[Source data]
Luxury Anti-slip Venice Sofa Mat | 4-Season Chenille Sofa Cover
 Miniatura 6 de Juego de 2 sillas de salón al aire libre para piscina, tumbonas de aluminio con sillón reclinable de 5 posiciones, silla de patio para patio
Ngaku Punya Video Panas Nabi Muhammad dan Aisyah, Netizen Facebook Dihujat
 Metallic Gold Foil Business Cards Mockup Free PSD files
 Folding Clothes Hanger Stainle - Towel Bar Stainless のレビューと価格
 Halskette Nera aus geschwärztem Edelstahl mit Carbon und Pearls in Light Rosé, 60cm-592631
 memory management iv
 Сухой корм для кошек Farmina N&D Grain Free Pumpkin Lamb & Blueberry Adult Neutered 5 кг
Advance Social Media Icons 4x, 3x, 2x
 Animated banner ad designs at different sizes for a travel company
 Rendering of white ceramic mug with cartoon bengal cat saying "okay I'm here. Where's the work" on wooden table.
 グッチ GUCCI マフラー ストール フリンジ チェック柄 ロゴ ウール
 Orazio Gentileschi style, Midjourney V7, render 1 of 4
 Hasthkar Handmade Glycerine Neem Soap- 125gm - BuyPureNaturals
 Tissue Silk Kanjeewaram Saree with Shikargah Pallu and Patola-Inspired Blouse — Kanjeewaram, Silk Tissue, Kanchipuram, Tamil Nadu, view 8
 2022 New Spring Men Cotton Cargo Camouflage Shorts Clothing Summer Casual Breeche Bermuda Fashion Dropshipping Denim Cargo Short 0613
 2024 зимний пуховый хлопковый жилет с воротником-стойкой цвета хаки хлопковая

Task instructions
Write each record out again exactly.

Result
Luxury Anti-slip Venice Sofa Mat | 4-Season Chenille Sofa Cover
 Miniatura 6 de Juego de 2 sillas de salón al aire libre para piscina, tumbonas de aluminio con sillón reclinable de 5 posiciones, silla de patio para patio
Ngaku Punya Video Panas Nabi Muhammad dan Aisyah, Netizen Facebook Dihujat
 Metallic Gold Foil Business Cards Mockup Free PSD files
 Folding Clothes Hanger Stainle - Towel Bar Stainless のレビューと価格
 Halskette Nera aus geschwärztem Edelstahl mit Carbon und Pearls in Light Rosé, 60cm-592631
 memory management iv
 Сухой корм для кошек Farmina N&D Grain Free Pumpkin Lamb & Blueberry Adult Neutered 5 кг
Advance Social Media Icons 4x, 3x, 2x
 Animated banner ad designs at different sizes for a travel company
 Rendering of white ceramic mug with cartoon bengal cat saying "okay I'm here. Where's the work" on wooden table.
 グッチ GUCCI マフラー ストール フリンジ チェック柄 ロゴ ウール
 Orazio Gentileschi style, Midjourney V7, render 1 of 4
 Hasthkar Handmade Glycerine Neem Soap- 125gm - BuyPureNaturals
 Tissue Silk Kanjeewaram Saree with Shikargah Pallu and Patola-Inspired Blouse — Kanjeewaram, Silk Tissue, Kanchipuram, Tamil Nadu, view 8
 2022 New Spring Men Cotton Cargo Camouflage Shorts Clothing Summer Casual Breeche Bermuda Fashion Dropshipping Denim Cargo Short 0613
 2024 зимний пуховый хлопковый жилет с воротником-стойкой цвета хаки хлопковая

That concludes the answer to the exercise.